The initial Tomu PCB had a varying PCB thickness. If your PCB is thick enough, you can use the PCB + CPU height to wedge the PCB assembly into the slot. This is great for prototyping, but isn’t so great for production products – you don’t want exposed circuitry to sit inside a metal USB port.

Early on I decided to fix the PCB thickness at 0.6mm. This is the maximum thickness I would be comfortable with, because the case needs to cover the PCB as well as the CPU. If the PCB were 0.8mm thick, then there wouldn’t be enough material on top of the CPU, and a gap would form.

Several prototype cases were printed on our Form2 printer, and all cases designed for an 0.8mm PCB ended up with square cutouts on the top of the case due to not enough material.

By standardizing on 0.6mm PCB thickness, we give ourselves enough margin to allow cases to work when produced on SLA and FDM 3D printers, as well as through injection molded tooling.

Horizontal Slipping

When placed inside a case, it’s natural to treat the case + device as a single object. That is, you don’t want to think about the mounting of the case or the angle of the PCB, you want the whole thing to be a single unit to be inserted into the computer. When a lightbulb dies we’re shocked or annoyed because we suddenly have to decompose the concept of a lamp assembly into “fixture” and “bulb” components, and replace the bulb. Similarly, if a PCB falls out of the case when removing it, we’re prone to become frustrated, angry, or simply annoyed at the mental decomposition.

The first case design was mostly a plug that fit into the port alongside the Tomu PCB. This required the user to manually align the two, and the design was prone to leaving the case behind in the port when the device was removed. On the upside, the case was trivial to produce on commodity home 3D printers, which made it a great first draft.
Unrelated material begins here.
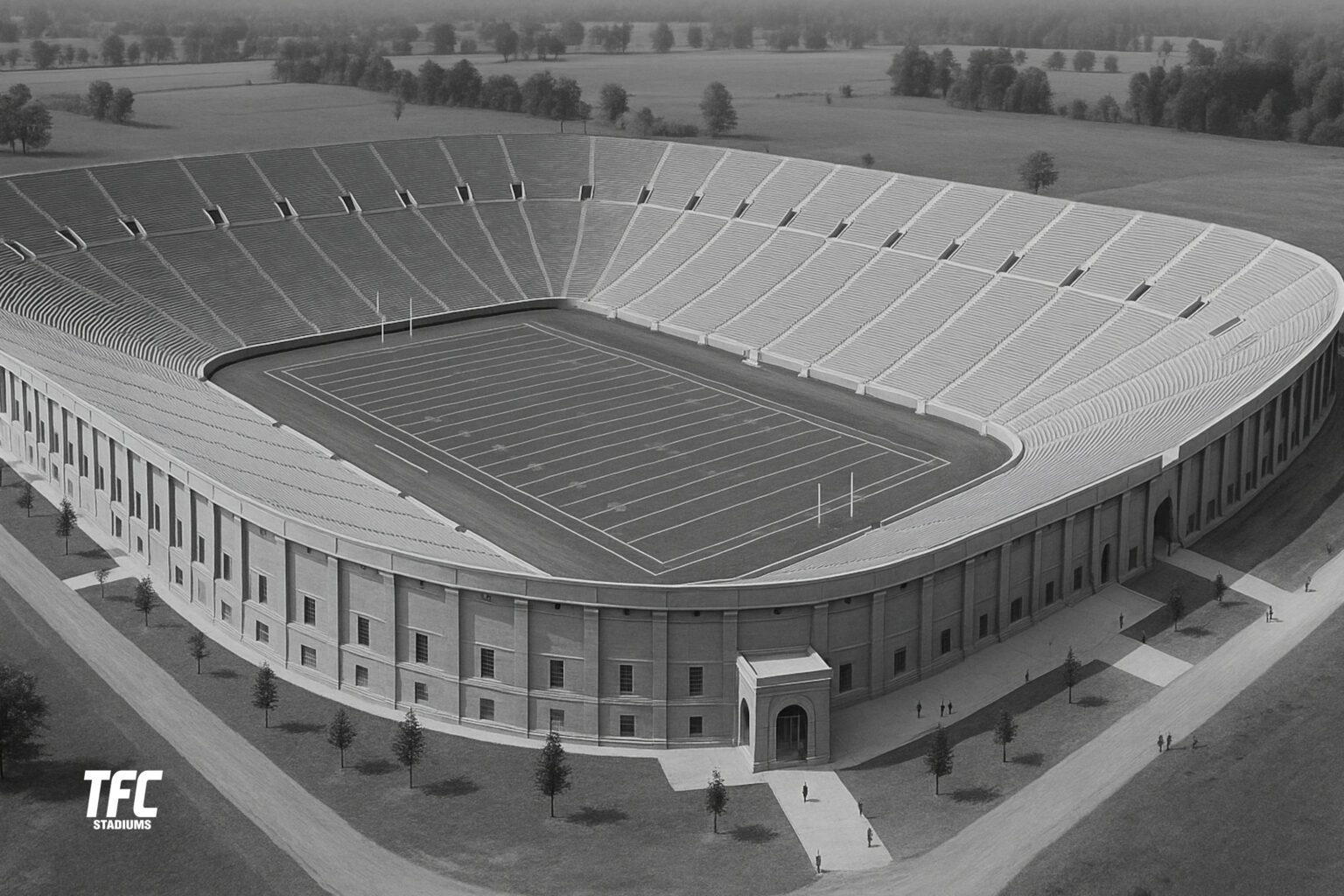 How Michigan Stadium Holds Over 100,000 People - TFC Stadiums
The workaround is to introduce a notch into the PCB that the case can grab onto. That way, when you push the assembly into the port, they move as one. Similarly, the individual components can’t slip out of the USB port separately. Adding notches is one step towards combining components into an assembly.

Tomu v0.3 contained a first attempt at adding a notch that a case could grab onto. In fact, v0.3 added two 0.5mm notches. Unfortunately, things tend to look much bigger on the screen than in real life, and the notches ended up being too small to be useful. In fact, because the notch requires a small drill bit, some PCB manufacturers charge extra as the small notch may cause them to break lots of bits. Some prototype 3D cases were made using a Form2 SLA machine, but the notches were just too small to allow usable cases to be printed on traditional FDM printers (about 0.4mm if you’re lucky), or to work with traditional injection-molding tolerances (roughly 0.8mm for consistency and load-bearing parts). The fact that the notch was rounded instead of square was a good choice from a manufacturability, it just needed to be bigger.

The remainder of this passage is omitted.